Dressed for success

Facebooktwitterredditpinterestlinkedinmail

My wife Toni said I could donate old clothes I no longer wear to the church garage sale or to the Carriage House.
I suppose that since I’m on the Carriage House board, and that any of my old clothes wouldn’t bring the church much profit, I think I’ll give the latter the clothes. But that’s the easy decision. The hard one is to stir myself to go sort the stuff, drawer by drawer and shelf by shelf to see what I still have use for and what can go.
I think about this nearly every time I enter my clothes closet. My pondering has taken on the ritual of my morning and evening tooth brushing. “I should sort this stuff,” I tell myself daily.
Now I don’t think of myself as a person who clings to possessions. I wouldn’t expect to find a description of my behavior in the DSM-IV, the psychiatric bible of mental illnesses.
Neither Toni nor anyone in my family has ever hinted that I may be some kind of psychopathic hoarder. I confess, though, I do seem to have a great number of shelves stuffed with books throughout the house. But I’d guess the problem has more to do with the difficulty I have finishing a book I’ve started and my habit of buying books I don’t get around to reading at all.
Much like the book shelves, the clothes in my closet do define me, my tastes, my daily need for clean socks and underwear, my preference for a certain order and logic to the placement of shirts, pants, sweaters and shorts.
But there’s a larger issue here.
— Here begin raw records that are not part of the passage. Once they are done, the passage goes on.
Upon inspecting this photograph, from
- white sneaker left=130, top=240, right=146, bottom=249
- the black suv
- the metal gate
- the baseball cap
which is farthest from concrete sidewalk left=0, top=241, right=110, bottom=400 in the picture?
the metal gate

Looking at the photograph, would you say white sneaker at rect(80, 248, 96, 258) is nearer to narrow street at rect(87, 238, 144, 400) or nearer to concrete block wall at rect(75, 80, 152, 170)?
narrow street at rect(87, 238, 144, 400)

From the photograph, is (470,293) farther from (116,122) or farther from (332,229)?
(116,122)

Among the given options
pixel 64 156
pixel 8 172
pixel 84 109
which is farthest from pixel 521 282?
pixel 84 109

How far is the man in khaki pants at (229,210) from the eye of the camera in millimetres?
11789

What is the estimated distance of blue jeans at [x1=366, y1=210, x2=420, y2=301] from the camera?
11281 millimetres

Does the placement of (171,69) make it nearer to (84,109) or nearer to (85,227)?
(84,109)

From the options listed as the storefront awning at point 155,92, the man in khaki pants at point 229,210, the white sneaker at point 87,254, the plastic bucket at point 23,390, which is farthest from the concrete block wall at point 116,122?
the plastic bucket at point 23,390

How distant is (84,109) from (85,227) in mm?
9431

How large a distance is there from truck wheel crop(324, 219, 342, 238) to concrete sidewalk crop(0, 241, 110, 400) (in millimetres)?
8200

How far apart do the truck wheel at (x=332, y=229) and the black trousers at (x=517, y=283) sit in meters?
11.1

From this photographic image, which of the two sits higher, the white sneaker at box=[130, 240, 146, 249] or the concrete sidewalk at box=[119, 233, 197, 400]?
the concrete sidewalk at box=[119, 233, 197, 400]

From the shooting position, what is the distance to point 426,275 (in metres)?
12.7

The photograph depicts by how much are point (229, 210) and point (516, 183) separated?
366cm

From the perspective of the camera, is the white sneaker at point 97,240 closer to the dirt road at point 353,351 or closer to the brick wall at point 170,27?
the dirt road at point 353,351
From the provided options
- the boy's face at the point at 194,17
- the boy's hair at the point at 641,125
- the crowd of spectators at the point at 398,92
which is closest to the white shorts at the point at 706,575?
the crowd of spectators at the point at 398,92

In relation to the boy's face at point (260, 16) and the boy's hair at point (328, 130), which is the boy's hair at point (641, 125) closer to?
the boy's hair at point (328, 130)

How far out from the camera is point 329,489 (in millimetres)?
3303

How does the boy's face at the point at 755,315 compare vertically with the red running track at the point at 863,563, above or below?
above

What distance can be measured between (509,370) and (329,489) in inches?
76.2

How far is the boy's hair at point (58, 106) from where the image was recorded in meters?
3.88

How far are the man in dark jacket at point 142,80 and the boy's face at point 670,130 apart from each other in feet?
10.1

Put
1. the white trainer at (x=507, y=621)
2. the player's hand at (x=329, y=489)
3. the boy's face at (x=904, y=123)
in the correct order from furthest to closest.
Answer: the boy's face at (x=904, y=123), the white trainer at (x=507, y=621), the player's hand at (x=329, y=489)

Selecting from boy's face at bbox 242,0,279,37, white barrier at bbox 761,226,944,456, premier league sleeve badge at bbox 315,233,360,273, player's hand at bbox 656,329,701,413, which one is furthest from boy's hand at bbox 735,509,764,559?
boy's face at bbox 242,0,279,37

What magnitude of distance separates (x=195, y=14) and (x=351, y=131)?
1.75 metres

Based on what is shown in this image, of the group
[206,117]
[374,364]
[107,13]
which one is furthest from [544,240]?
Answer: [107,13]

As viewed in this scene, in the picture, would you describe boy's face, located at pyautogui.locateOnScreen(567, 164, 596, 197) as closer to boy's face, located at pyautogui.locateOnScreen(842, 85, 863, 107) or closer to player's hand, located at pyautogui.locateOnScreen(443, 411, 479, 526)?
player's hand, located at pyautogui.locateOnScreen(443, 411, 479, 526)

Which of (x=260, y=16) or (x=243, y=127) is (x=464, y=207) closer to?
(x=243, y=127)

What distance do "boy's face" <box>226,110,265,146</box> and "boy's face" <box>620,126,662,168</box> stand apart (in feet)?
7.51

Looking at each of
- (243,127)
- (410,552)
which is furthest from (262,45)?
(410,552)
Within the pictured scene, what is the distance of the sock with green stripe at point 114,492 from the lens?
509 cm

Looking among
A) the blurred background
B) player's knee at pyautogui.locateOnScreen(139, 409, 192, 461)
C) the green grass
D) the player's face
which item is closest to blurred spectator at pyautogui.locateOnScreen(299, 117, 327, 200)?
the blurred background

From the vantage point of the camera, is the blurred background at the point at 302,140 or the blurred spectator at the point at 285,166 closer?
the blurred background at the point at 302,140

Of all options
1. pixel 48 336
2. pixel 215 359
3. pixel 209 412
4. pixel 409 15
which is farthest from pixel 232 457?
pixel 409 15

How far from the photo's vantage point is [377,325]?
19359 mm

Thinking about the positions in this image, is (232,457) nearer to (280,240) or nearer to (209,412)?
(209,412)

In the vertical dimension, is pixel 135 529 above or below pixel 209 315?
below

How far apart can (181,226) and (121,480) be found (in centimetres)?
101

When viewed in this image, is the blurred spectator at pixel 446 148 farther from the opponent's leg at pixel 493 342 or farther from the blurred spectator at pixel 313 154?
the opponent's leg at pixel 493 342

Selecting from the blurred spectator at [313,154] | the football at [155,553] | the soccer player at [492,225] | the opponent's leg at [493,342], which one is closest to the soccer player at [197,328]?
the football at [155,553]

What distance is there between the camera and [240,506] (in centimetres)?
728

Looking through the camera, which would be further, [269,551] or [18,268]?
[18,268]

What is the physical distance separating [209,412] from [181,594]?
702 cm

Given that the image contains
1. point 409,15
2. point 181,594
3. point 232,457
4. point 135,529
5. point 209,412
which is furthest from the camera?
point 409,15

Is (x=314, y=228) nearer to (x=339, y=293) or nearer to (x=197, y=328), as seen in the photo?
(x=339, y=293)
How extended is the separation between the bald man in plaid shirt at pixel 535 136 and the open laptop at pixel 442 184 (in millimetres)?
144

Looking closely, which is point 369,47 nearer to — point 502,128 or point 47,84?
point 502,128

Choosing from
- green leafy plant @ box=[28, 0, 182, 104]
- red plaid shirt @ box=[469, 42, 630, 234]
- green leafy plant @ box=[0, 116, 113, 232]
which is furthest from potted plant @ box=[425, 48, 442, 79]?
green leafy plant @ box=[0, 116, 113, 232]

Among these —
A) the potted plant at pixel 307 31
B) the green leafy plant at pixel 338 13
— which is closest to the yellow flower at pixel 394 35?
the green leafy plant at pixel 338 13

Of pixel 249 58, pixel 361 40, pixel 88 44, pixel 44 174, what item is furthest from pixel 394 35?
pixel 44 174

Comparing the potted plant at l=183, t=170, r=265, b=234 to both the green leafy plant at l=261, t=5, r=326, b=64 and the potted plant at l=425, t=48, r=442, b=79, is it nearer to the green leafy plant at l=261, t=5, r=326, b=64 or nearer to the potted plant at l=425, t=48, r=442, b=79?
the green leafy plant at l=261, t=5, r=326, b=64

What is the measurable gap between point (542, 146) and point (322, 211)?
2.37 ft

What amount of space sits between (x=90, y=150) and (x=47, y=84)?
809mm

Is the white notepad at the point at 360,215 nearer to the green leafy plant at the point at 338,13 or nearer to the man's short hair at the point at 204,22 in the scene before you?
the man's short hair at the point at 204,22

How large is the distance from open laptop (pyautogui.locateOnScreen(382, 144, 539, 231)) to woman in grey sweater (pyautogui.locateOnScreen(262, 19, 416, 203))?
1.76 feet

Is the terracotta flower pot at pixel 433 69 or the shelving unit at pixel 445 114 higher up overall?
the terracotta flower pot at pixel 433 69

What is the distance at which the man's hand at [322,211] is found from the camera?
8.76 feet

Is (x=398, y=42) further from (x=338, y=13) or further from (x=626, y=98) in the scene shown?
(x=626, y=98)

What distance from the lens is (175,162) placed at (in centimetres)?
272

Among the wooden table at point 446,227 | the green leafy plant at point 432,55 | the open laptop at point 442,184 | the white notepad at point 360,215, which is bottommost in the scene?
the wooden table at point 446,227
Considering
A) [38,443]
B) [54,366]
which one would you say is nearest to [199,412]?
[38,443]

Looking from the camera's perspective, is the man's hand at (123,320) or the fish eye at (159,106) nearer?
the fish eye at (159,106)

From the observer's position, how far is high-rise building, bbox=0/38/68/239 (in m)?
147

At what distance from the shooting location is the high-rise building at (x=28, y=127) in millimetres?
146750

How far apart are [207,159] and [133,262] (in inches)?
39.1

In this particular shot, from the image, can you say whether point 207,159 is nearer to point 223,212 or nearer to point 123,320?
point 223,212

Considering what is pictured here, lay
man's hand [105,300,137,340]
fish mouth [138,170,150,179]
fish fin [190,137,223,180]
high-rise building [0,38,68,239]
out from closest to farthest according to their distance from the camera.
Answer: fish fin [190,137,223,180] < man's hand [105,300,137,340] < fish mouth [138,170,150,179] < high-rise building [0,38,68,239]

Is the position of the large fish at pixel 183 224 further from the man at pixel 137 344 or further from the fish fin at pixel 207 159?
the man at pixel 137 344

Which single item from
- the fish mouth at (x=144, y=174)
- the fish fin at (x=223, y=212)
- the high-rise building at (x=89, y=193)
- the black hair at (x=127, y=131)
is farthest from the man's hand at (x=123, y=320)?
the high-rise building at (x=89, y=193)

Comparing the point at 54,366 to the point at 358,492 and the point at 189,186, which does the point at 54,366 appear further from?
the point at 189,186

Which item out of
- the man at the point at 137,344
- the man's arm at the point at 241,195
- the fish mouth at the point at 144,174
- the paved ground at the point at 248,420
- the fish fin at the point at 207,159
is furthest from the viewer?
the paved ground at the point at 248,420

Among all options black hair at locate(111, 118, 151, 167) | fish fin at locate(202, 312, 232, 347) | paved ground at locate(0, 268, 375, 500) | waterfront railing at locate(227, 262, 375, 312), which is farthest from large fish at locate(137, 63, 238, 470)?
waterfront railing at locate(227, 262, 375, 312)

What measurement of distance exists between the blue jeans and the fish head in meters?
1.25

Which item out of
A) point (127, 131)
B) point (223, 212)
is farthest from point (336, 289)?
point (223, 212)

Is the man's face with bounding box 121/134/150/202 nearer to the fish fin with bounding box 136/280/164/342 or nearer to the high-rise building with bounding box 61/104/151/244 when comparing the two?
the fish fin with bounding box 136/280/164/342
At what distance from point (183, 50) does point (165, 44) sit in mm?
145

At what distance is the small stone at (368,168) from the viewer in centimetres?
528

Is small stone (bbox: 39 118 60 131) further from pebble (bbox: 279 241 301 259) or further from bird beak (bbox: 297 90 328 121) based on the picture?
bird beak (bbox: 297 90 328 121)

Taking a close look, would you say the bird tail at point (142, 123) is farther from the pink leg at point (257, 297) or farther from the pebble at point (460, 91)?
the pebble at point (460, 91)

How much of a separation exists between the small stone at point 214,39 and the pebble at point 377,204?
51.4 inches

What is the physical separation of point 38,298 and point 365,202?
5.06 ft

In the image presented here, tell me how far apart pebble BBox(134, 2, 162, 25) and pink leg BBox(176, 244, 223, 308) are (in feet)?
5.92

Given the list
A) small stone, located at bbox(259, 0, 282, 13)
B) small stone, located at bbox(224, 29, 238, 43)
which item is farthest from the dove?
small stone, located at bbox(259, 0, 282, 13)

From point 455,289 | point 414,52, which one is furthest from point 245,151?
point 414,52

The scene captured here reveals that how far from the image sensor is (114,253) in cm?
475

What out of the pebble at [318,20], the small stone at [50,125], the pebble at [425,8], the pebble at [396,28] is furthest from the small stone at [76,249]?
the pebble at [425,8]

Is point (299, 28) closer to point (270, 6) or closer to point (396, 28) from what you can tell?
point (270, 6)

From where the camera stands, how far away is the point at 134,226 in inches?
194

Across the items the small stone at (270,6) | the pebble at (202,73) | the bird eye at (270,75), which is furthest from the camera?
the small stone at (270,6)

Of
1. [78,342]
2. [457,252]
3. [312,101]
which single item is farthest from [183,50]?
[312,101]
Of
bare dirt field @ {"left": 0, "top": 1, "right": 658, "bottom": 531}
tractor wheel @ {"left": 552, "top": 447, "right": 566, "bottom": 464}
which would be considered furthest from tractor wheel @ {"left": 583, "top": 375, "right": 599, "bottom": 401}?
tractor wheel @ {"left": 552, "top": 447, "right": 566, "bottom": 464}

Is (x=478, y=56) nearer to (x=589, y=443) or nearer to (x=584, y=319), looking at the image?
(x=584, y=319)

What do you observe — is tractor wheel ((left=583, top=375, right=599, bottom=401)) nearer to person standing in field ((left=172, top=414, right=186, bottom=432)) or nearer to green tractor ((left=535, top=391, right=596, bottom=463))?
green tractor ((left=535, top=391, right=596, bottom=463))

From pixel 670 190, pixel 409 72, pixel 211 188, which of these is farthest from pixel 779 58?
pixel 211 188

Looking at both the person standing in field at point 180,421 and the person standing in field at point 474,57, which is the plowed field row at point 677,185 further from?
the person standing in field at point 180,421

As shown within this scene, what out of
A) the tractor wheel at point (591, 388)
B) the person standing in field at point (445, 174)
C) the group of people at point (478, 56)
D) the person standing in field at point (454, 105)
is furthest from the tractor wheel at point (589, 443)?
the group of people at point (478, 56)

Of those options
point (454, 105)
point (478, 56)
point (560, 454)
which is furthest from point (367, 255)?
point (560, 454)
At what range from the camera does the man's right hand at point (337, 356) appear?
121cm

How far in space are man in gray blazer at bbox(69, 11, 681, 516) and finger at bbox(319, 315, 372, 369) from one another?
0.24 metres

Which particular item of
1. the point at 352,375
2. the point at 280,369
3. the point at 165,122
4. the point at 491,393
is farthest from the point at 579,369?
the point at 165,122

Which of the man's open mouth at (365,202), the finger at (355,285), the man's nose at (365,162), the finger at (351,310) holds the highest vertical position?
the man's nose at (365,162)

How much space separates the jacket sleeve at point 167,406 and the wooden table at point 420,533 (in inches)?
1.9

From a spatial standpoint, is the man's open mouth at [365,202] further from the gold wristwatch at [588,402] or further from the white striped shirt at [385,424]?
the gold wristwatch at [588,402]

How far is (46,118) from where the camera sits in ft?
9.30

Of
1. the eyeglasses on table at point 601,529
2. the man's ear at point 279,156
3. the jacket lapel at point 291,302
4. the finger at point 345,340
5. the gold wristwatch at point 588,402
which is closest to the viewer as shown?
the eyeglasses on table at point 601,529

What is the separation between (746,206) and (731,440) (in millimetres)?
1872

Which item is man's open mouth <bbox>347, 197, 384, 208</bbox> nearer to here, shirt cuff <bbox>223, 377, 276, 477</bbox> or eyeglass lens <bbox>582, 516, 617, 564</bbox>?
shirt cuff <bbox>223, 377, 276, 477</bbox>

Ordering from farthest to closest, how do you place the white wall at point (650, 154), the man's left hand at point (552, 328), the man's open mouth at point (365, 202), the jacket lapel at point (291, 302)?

My clothes closet serves as a kind of history of my life in recent years. Start with the pin stripped navy suit, a blazer and a couple of sport coats. You can find those on the left side of the rack. They don’t see a lot of action since I retired from the paper after a quarter century. All those button-down Oxford cloth shirts? Don’t wear those often, either. To be sure, the other day I slipped a white one with a much frayed color on to wear under a navy cotton sweater.
The other day, in search of clean khakis on a hanger, I laid my hand on a rack full of ties, mostly of the rep variety, all silk. Who knows when I bought them, though surely it was long ago? That type of striped tie was part of my dress up outfit in college and graduate school. On choir or quartet trips or during my stint as a student minister. The rep tie also was in order at the paper, too, especially if I had an interview or meeting outside the newspaper building.
Any time I’m in New York, I make a stop at Brooks Brothers on Madison Avenue, just to browse in this store with four or five stories, a business my editor referred to as “the temple.” My taste has evolved, naturally.
At home, I’ll spent half an hour looking at a new catalog that’s come in the mail. It’s mostly more casual men’s clothes. That can be LL. Bean, The Territory Ahead or Orvis. Yet rarely do I order anything. As a rule, the clothes in the catalogs look so much like the stuff in my dresser and on the shelves in my closet. I do enjoy thumbing through the catalogs, a relaxing way to window shop.
I don’t believe that “clothes make the man.” But I’ve never given up the habit of sizing up people according to what they’re wearing. I’ve even made judgments about the person on the basis of he or she is dressed.
Collar looks too stiff. Shoulders are too wide. Tie clashes with the handkerchief. Pens don’t belong in the lapel pocket. Where did I get such picky phrases? My Dad.
He was what they called a “natty dresser.” Which may seem odd thing to say because of his job. Home from the tool and die shop, he’d be wearing a loose polo shirt, wash pants and steel-toed shoes that tracked steel shavings through the house. But in the clubhouse picking up his scorecard before a round of 18, he’d be wearing dress slacks, a sporty polo shirt without a wrinkle or spot, yes, dressed like a pro at the British Open. Style mattered to him. And when I brought friends home from college, he didn’t fail to mention how important it was to keep your shoes shined. All the guys wouldn’t glance down at their usually dull-looking shoes. Dad had high standards, for everything including how you and your friends dressed.
Today, he’d sure wonder whether I ever paid attention to his tutoring to dressing for success if he could see me in my usual outfit – sweatpants, sweatshirt, moccasins, maybe a ball cap with a Polo insignia. Such staples I’ll keep. As for the rest of it, well, there’s so much personal history there, a lot of memories. And what’s the rush?